Joana Figueiredo, Ph.D.

Second Advisor

Nicole D. Fogarty, Ph.D.

Third Advisor

D. Abigail Renegar, Ph.D.


aquaculture, irradiance, coral restoration, Pseudodiploria


Direct and indirect anthropogenic stressors have led to a global decline of coral populations. Coral restoration aims to mitigate this loss and facilitate reef recovery. In particular, the sexual propagation of corals ex situ allows for the production and outplant of genetically diverse coral recruits on the reef. However, optimization at ex situ coral nurseries is required to scale-up production. This project aims to investigate and develop methods that reduce the duration of grow-out ex situ by determining the optimal light spectrum under which to rear for sexual recruits of the tropical scleractinian coral species Pseudodiploria strigosa and P. clivosa.
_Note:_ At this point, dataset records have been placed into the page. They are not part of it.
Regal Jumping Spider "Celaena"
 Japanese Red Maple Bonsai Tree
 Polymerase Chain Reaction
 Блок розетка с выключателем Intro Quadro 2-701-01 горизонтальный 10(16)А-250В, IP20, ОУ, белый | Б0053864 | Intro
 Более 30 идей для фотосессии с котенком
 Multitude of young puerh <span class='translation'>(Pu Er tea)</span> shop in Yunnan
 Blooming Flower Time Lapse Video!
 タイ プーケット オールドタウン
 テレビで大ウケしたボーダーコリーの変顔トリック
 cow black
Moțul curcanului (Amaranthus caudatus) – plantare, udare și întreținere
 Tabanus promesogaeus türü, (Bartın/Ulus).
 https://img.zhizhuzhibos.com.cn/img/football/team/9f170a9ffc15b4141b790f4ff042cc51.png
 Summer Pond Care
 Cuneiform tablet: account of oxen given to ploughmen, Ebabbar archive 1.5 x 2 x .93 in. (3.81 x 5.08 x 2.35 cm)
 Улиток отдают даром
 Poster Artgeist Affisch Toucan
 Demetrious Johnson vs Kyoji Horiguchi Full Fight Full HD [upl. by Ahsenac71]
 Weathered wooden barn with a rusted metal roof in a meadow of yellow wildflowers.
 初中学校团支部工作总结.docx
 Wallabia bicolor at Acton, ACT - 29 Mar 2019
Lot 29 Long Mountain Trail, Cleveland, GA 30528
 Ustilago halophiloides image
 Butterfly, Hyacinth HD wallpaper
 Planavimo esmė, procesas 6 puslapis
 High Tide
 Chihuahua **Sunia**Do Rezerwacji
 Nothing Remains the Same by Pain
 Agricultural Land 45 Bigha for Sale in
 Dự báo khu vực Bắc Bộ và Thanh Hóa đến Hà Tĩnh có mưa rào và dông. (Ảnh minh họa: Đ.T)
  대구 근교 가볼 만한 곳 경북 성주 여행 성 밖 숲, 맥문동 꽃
Newly-settled corals of these species were reared under dim light (µmol photons m-2 s-1) and, after 4 weeks, shifted to one of three light spectra: blue-shifted spectrum produced by an LED light with a reef-depth light irradiance, reef depth spectrum produced by an LED light, or near surface depth light spectrum produced by natural sunlight with reef-depth irradiance levels achieved by using shade cloths. The three treatments were replicated in two tanks where survival and growth were quantified weekly from five to fourteen weeks post-settlement. Pseudodiploria strigosa demonstrated significantly higher survival and growth than P. clivosa, which may be due to their greater size at the time of settlement. Corals under LED lights exhibited faster growth rates than corals exposed to sunlight. The results suggest that light spectrum is an important factor in coral growth, and LED blue-shifted light spectrum may be a more suitable spectrum for coral grow-out 5 weeks after settlement. The manipulation of light spectrum during coral grow-out can reduce the time required at the ex situ nursery before outplanting and/or increase the size of the corals available for outplanting, thereby decreasing chances of mortality due to predation and overgrowth.